* SOURCE DATA:
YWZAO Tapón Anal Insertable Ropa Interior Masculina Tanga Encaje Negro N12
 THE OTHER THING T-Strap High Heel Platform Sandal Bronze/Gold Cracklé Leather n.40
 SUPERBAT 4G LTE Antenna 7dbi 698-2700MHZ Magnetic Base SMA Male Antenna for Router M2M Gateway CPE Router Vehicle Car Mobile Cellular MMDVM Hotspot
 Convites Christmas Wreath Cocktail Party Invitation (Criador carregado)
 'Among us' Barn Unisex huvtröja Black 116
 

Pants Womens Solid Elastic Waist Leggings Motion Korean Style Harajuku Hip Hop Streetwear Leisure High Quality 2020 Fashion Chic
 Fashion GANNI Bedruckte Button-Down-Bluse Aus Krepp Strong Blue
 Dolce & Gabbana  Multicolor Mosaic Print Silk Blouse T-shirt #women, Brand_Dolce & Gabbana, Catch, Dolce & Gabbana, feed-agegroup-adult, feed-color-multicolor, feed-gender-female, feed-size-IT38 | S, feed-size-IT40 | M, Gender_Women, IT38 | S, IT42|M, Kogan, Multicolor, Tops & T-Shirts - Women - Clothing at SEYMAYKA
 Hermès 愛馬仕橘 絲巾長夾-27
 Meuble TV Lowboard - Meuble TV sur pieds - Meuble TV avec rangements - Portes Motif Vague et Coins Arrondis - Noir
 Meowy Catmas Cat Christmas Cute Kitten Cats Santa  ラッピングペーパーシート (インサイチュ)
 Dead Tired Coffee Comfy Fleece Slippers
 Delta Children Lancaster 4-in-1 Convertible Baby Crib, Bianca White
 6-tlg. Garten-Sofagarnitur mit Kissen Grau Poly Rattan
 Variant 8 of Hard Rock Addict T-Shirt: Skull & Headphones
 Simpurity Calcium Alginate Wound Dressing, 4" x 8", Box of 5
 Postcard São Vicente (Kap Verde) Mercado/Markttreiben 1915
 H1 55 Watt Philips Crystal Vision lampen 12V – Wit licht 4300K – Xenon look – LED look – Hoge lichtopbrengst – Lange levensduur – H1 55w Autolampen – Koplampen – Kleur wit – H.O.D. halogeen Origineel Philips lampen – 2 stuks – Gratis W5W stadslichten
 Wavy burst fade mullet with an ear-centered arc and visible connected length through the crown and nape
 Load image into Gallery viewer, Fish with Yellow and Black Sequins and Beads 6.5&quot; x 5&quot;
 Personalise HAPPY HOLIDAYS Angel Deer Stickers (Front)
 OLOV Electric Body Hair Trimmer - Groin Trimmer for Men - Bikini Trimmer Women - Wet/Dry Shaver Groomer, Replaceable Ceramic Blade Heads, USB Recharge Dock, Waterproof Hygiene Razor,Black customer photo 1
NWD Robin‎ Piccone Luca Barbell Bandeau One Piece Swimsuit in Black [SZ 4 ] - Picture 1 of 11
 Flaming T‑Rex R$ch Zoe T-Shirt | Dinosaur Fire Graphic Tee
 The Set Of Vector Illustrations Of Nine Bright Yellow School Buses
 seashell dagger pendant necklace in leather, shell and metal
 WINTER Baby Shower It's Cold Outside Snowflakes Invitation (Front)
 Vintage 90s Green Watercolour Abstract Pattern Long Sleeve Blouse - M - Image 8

* WORK REQUEST:
Restate word for word the entries above from the line with "Meuble TV Lowboard" through the line with "6-tlg. Garten-Sofagarnitur mit", inclusive, leaving out everything else.

* ANSWER AREA:
 Meuble TV Lowboard - Meuble TV sur pieds - Meuble TV avec rangements - Portes Motif Vague et Coins Arrondis - Noir
 Meowy Catmas Cat Christmas Cute Kitten Cats Santa  ラッピングペーパーシート (インサイチュ)
 Dead Tired Coffee Comfy Fleece Slippers
 Delta Children Lancaster 4-in-1 Convertible Baby Crib, Bianca White
 6-tlg. Garten-Sofagarnitur mit Kissen Grau Poly Rattan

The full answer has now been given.